=== Stored data ===

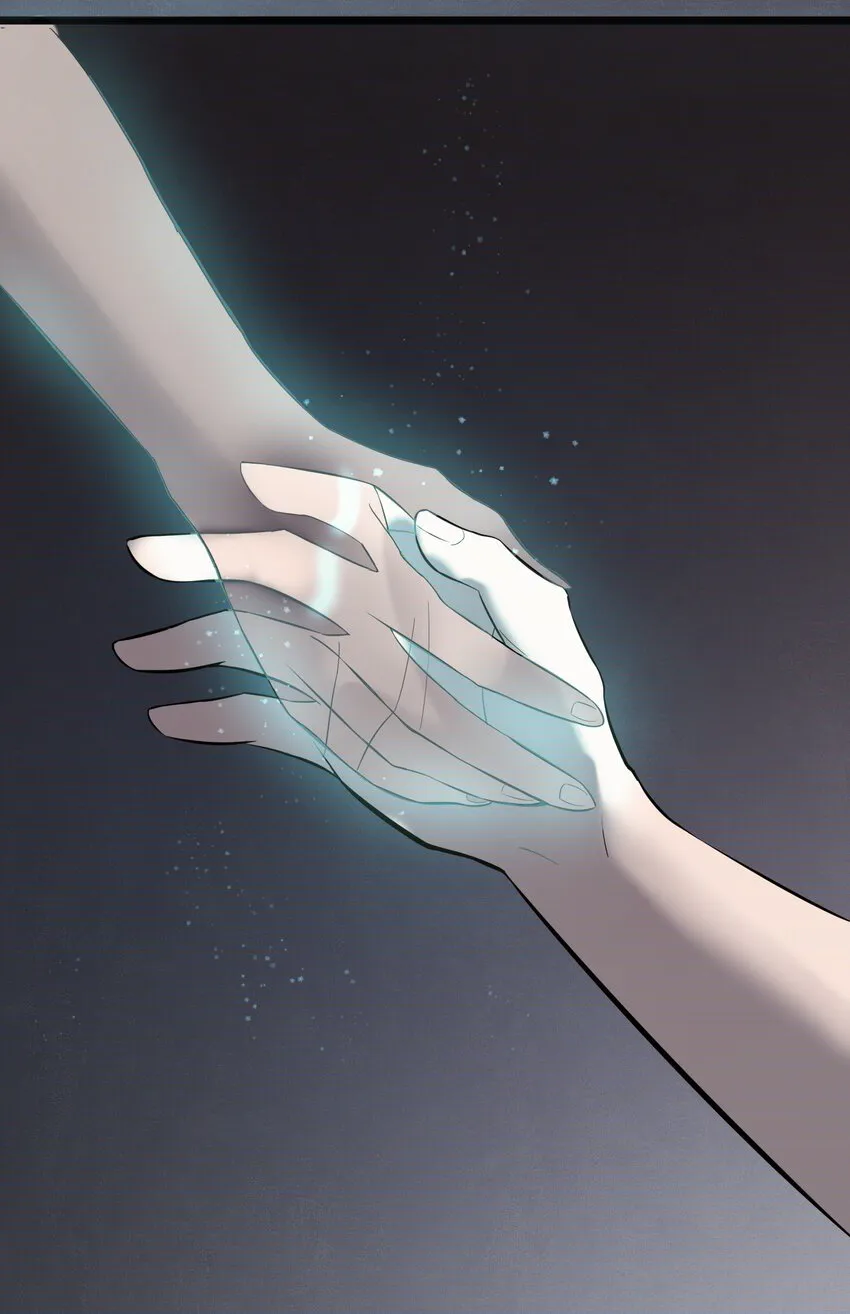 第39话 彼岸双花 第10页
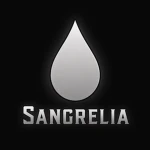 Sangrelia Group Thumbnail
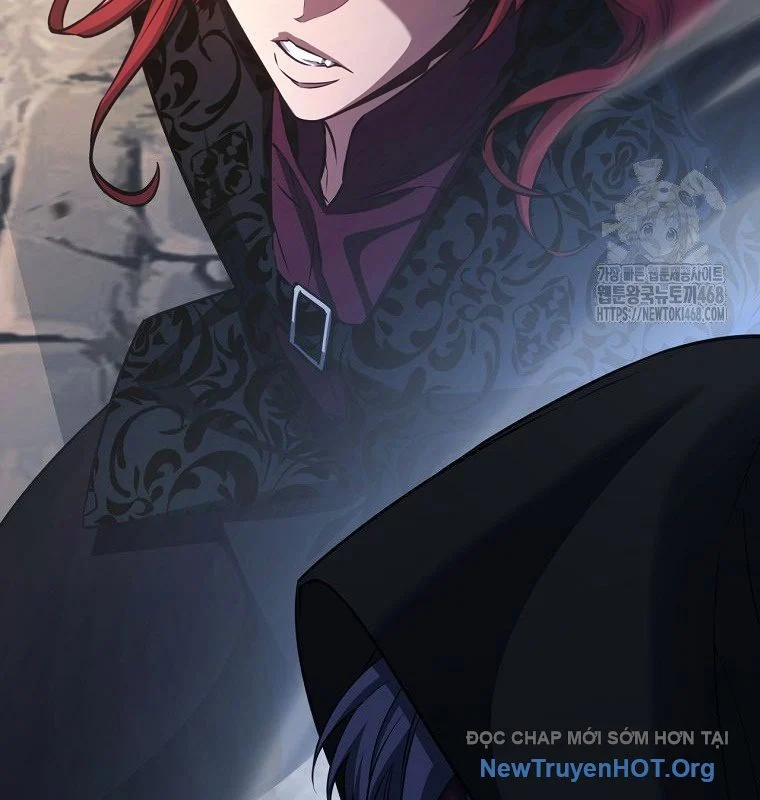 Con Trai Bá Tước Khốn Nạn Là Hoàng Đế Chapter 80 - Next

=== Requirement ===
Every line from the one with "Sangrelia Group Thumbnail" through the last line of the listing above must be written out exactly, and no picture may appear.

=== Completed exercise ===
 Sangrelia Group Thumbnail
 Con Trai Bá Tước Khốn Nạn Là Hoàng Đế Chapter 80 - Next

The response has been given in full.